From the article: > If the verifier finds any unsafe code, the program is reject...

lolinder · on July 22, 2024

I'm not able to comment on what this code is doing, but as for the theory:

The halting problem is only unsolvable in the general case. You cannot prove that any arbitrary piece of code will stop, but you can prove that specific types of code will stop and reject anything that you're unable to prove. The trivial case is "no jumps"—if your code executes strictly linearly and is itself finite then you know it will terminate. More advanced cases can also be proven, like a loop over a very specific bound, as long as you can place constraints on how the code can be structured.

As an example, take a look at Dafny, which places a lot of restrictions on loops [0], only allowing the subset that it can effectively analyze.

[0] https://ece.uwaterloo.ca/~agurfink/stqam/rise4fun-Dafny/#h25

jkrejcha · on July 22, 2024

Adding on (and it's not terribly relevant to eBPF), it's also worth noting that there are trivial programs you can prove DON'T halt.

A trivial example[1]:

    int main() {
        while (true) {}
        int x = foo();
        return x;
    }

This program trivially runs forever[2], and indeed many static code analyzers will point out that everything after the `while (true) {}` line is unreachable.

I feel like the halting problem is incredibly widely misunderstood to be similar to be about "ANY program" when it really talks about "ALL programs".

[1]: In C++, this is undefined behavior technically, but C and most other programming languages define the behavior of this (or equivalent) function.

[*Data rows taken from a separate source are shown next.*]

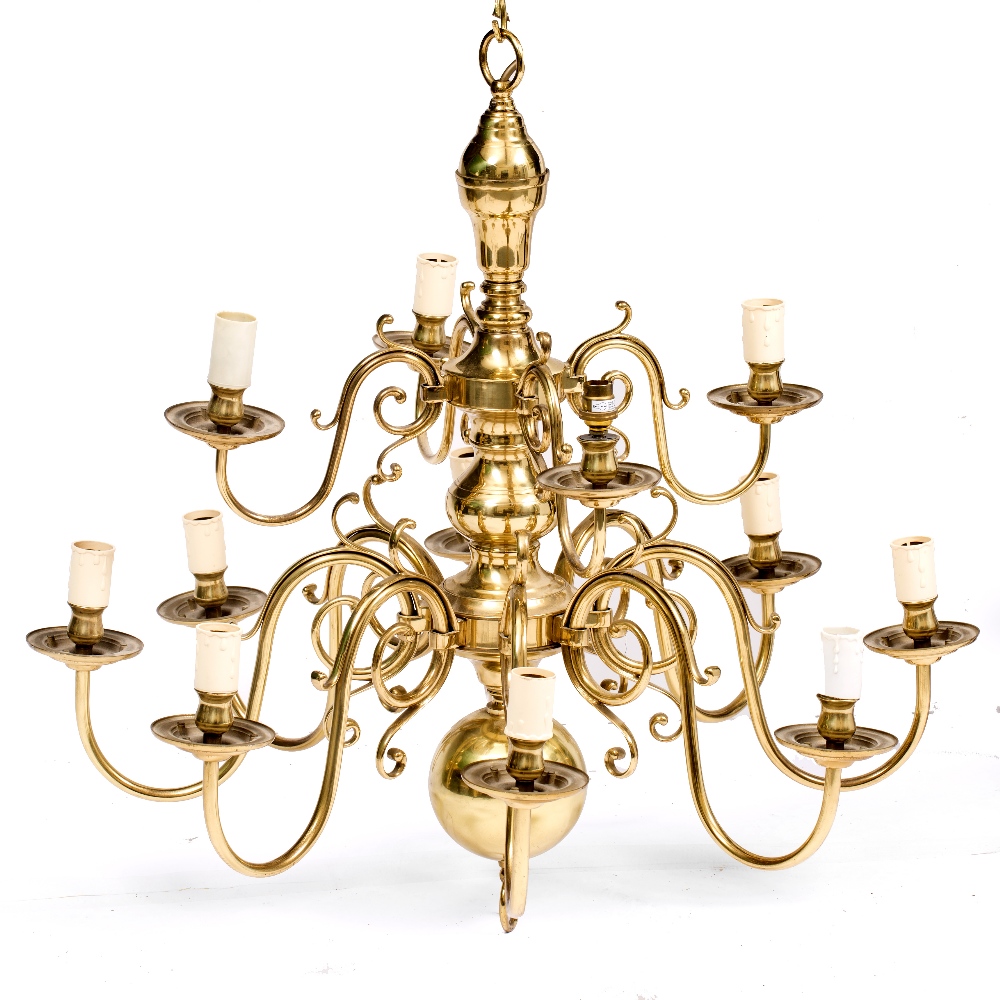 A 17TH CENTURY DUTCH STYLE BRASS TWELVE LIGHT CHANDELIER with scrolling branches, 82cm high x 82cm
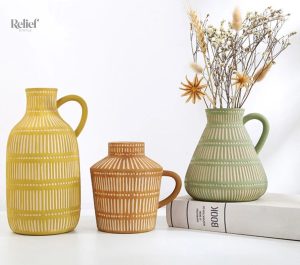 Vase antique en céramique verte de style grec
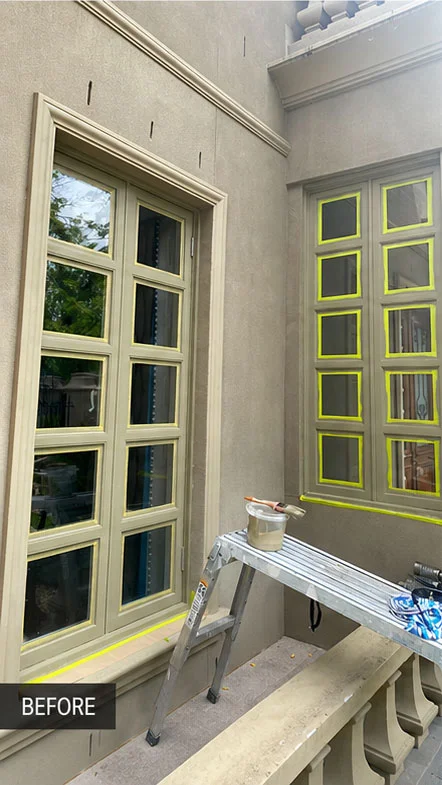 Exterior timber window frames masked with tape and a painter's platform set up before repainting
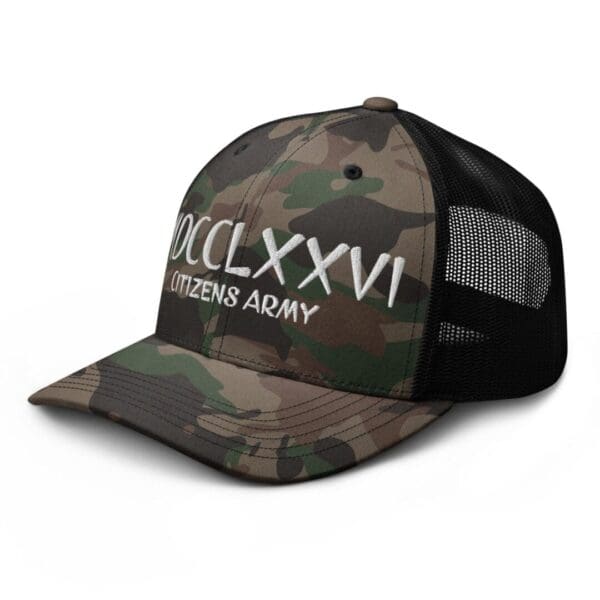 A Camouflage 1247 Snap Back Trucker Hat w/MDCCLXXVI (White Font) with the word dclxviii on it.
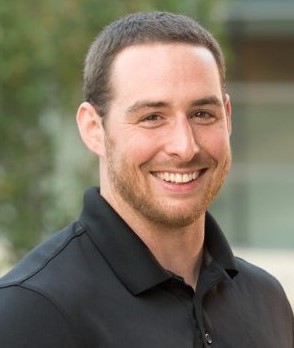 Portrait of Francis Mahaney - man in black shirt smiling at camera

[2]: Fun relevant xkcd: https://xkcd.com/1266/

fwip · on July 22, 2024

EDIT: I am incorrect, please ignore. (Original text below, for posterity).

Nit: In many languages, doesn't this depend on what foo() does? e.g:

  foo() {
    exit(0);
  }

loeg · on July 22, 2024

No? The foo() invocation is never reached because the while loop never terminates.

fwip · on July 22, 2024

Apologies; I misread the function call as being inside the loop.

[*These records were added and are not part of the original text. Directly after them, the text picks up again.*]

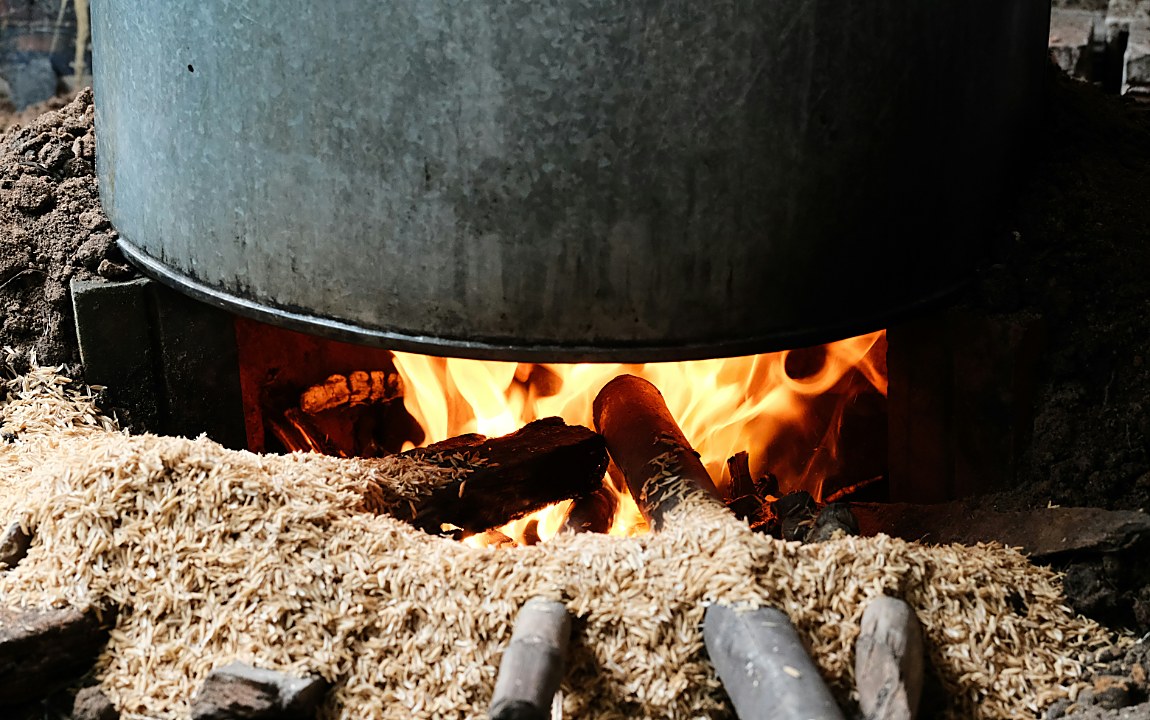 Close-up of a biomass furnace burning wood pellets and logs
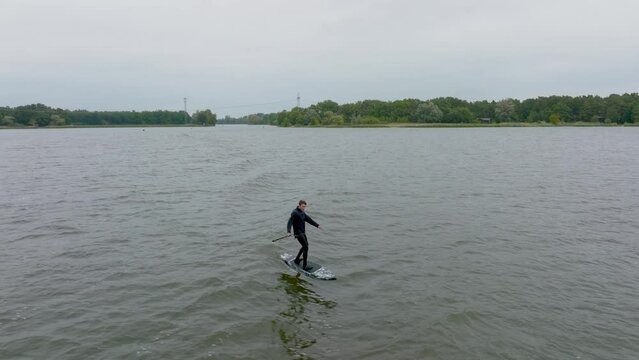 athlete on hydro sup foil surf in wave on a river and fall in water filmed with drone in front of close up
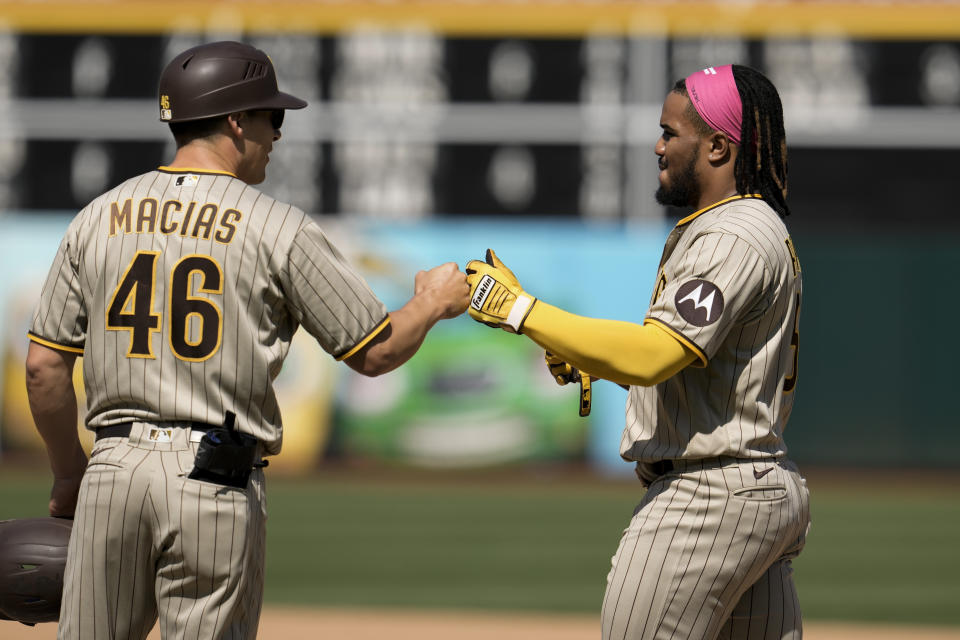 San Diego Padres' Eguy Rosario, right, celebrates with first base coach and outfield instructor David Macias after hitting an RBI single against the Oakland Athletics during the fourth inning of a baseball game Sunday, Sept. 17, 2023, in Oakland, Calif. (AP Photo/Godofredo A. Vásquez)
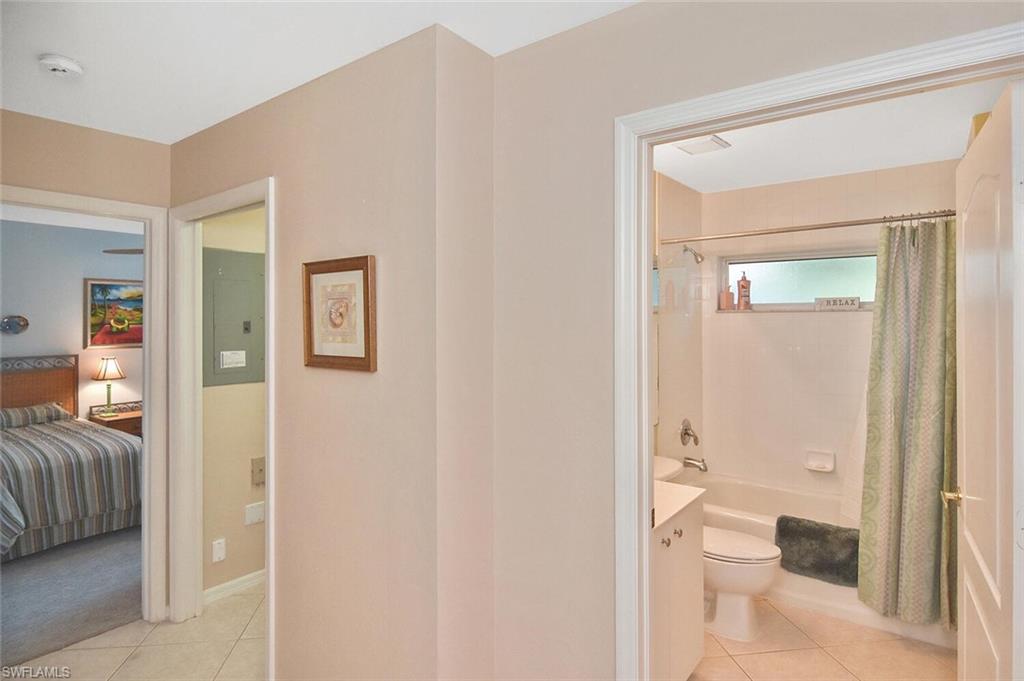 3870 Sawgrass Way, Unit 2521 Naples, FL 34112 - Photo 11 of 46 a bathroom with a glass shower door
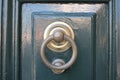 Vintage brass door knocker on an old door, Italy, Rome Royalty Free Stock Photo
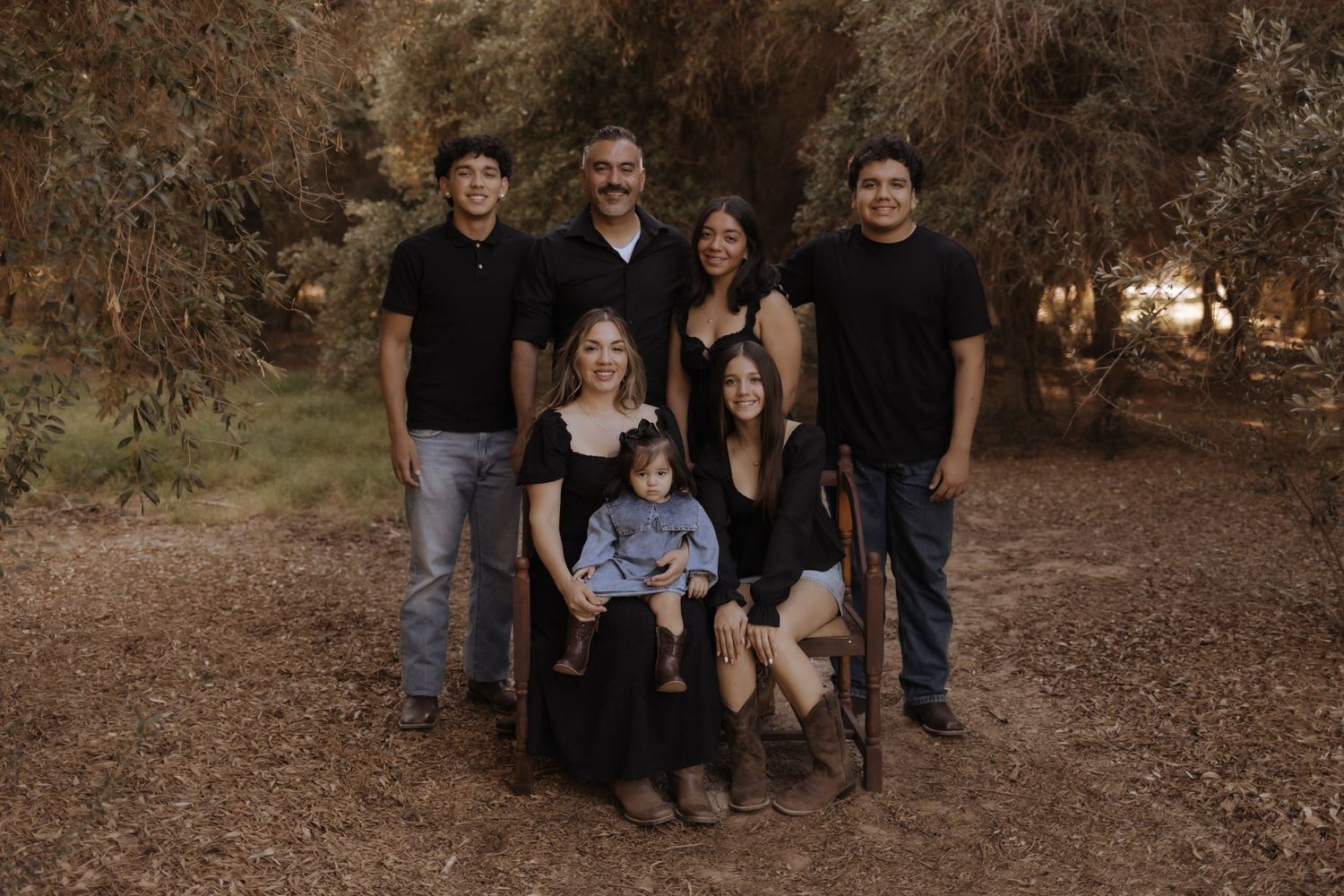 Family of seven posing together outdoors among trees in coordinating dark outfits for portrait.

Retr0id · on July 22, 2024

The halting problem cannot be solved in the general case, but in many cases you can prove that a program halts. eBPF only allows verifiably-halting programs to run.

dathinab · on July 22, 2024

the halting problem is only true for _arbitrary_ programs

but there are always sets of programs for which it is clearly possible to guarantee their termination

e.g. the program `return 1+1;` is guaranteed to halt

e.g. given program like `while condition(&mut state) { ... }` with where `condition()` is guaranteed to halt but otherwise unknown is not guaranteed to halt, but if you turn it into `for _ in 0..1000 { if !condition(&mut state) { break; } ... }` then it is guaranteed to halt after at most 1000 iterations

or in other words eBPF only accepts programs which it can proof will halt in at most maxins "instruction" (through it's more strict then my example, i.e. you would need to unroll the for-loop to make it pass validation)

the thing with programs which are provable halting is that they tend to also not be very convenient to write and/or quite limited in what you can do with them, i.e. they are not suitable as general purpose programming languages at all

efee22 · on July 22, 2024

Infinite loops are not possible and would get rejected by the verifier since it cannot solve the halting problem. Here is a good overview on the options available: https://ebpf-docs.dylanreimerink.nl/linux/concepts/loops/

pkhuong · on July 22, 2024

The basic logic flags any loop ("back-edge").

rezonant · on July 22, 2024

This, others have said it less concisely, but a program without loops and arbitrary jumps is guaranteed to halt if we assume the external functions it calls into will halt.

umanwizard · on July 22, 2024

eBPF is not Turing complete. Writing it is very annoying compared to writing normal C code for exactly this reason.

aksdlf · on July 22, 2024

I'm glad to hear that Meta and Google code is "rigorous". I'd prefer INRIA, universities that fund theorem provers, industries where correctness matters like aerospace or semiconductors.

chc4 · on July 22, 2024

Windows doesn't use the Linux eBPF verifier, they have their own implementation named PREVAIL[0] that is based on an abstract interpretation model that has formal small step semantics. The actual implementation isn't formally proven, however.

0: https://github.com/vbpf/ebpf-verifier

SoftTalker · on July 22, 2024

Also that lines of code is a proxy for rigor, something new I learned today. /s

sunnyps · on July 22, 2024

I think they mean that the code base is small enough to be audited thoroughly. Maybe they should reword it to be clearer.

lmm · on July 22, 2024

> I think they mean that the code base is small enough to be audited thoroughly.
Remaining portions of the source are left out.